- Born: Frances Elliott Mann October 6, 1853 Yarmouth, Maine, US
- Died: February 6, 1935 (aged 81) Washington, D.C., US
- Education: Colby College
- Occupations: Educator and school president
- Employer(s): Hall-Noyes School Central High School
- Known for: founder of Sigma Kappa

= Frances Elliott Mann Hall =

American educator and sorority founder

Frances Elliott Mann Hall (October 6, 1853 - February 6, 1935) was an American educator, school administrator, and one of the five founders of Sigma Kappa sorority. She opened and operated the Hall-Noyes School in Washington, D.C.

== Early life ==
Frances Elliott Mann was born on October 6, 1853, in Yarmouth, Maine. She was a high school teacher in Rockport, Massachusetts. She felt she needed better professional training and enrolled in Colby College when she was in her early twenties. Colby College was the first New England college to admit women along with men. While at Colby, Mann was a founder of the Sigma Kappa sorority. However, she had to leave college in her junior year because of astigmatic headaches.

== Sigma Kappa ==
Mary Caffrey Low was the first female student at Colby College. After two years, she was joined by four other women, including Frances Elliott Mann. Being the only female students in the college, the five found themselves together frequently. In 1873–74, the five students decided to form a literary and social society. The college administration instructed them that they would need to present a constitution and bylaws with a petition requesting permission to form Sigma Kappa Sorority. They began work during that year and on November 9, 1874, the five young women received a letter from the faculty approving their petition.

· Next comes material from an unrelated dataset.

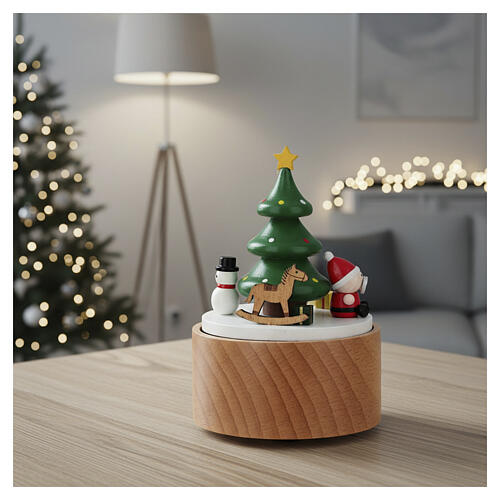 Wooden Christmas music box with tree and characters, 4 in 2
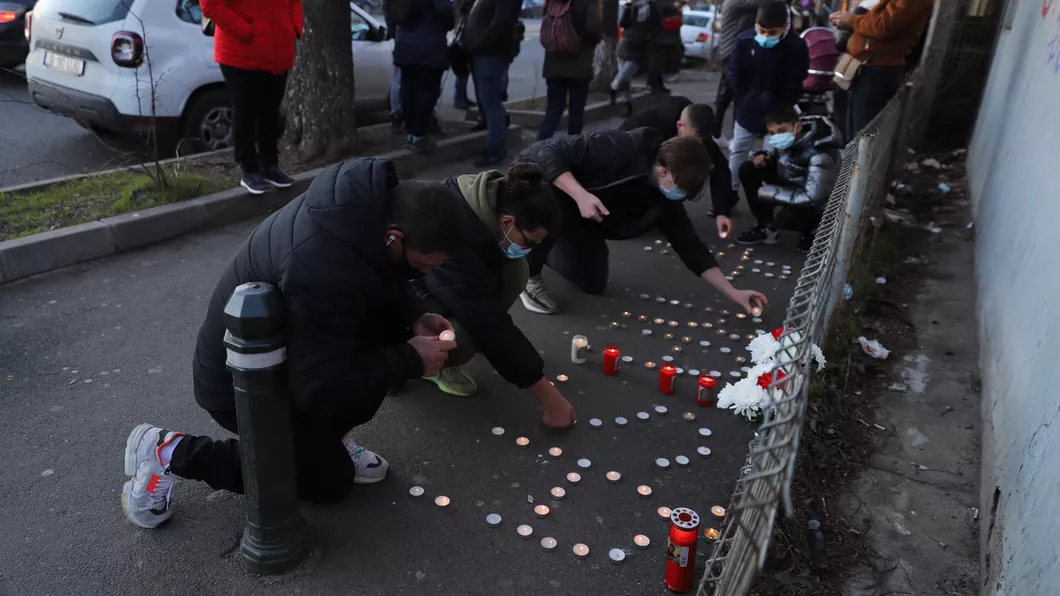 Protest în fața secției de Poliție unde lucra agentul care a lovit-o mortal pe Raisa Acest copil a murit nevinovat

Hall continued to be active with the sorority. She attended the 4th national convention of Sigma Kappa in Waterville, Maine in 1924. She attended the 1928 Sigma Kappa Convention in Washington, D.C. and the Saranac Convention in 1933.

== Career ==
Hall taught Latin at the Central High School in Washington, D.C. for 40 years. She worked with her husband who was also a teacher. Starting around 1904, she ran the Hall-Noyes School, a private school that prepared youths and adults for college and entrance exams for civil service, the United States Military Academy, and the United States Naval Academy. The school operated until the mid-1920s.

== Personal life ==
Mann married George Washington Hall, another Colby student.

She was a member of the Order of the Eastern Star. After her husband died, she replaced him as president of The Maine Association of Washington, D.C., also known as the Maine Society. This was a club for individuals from the state of Maine.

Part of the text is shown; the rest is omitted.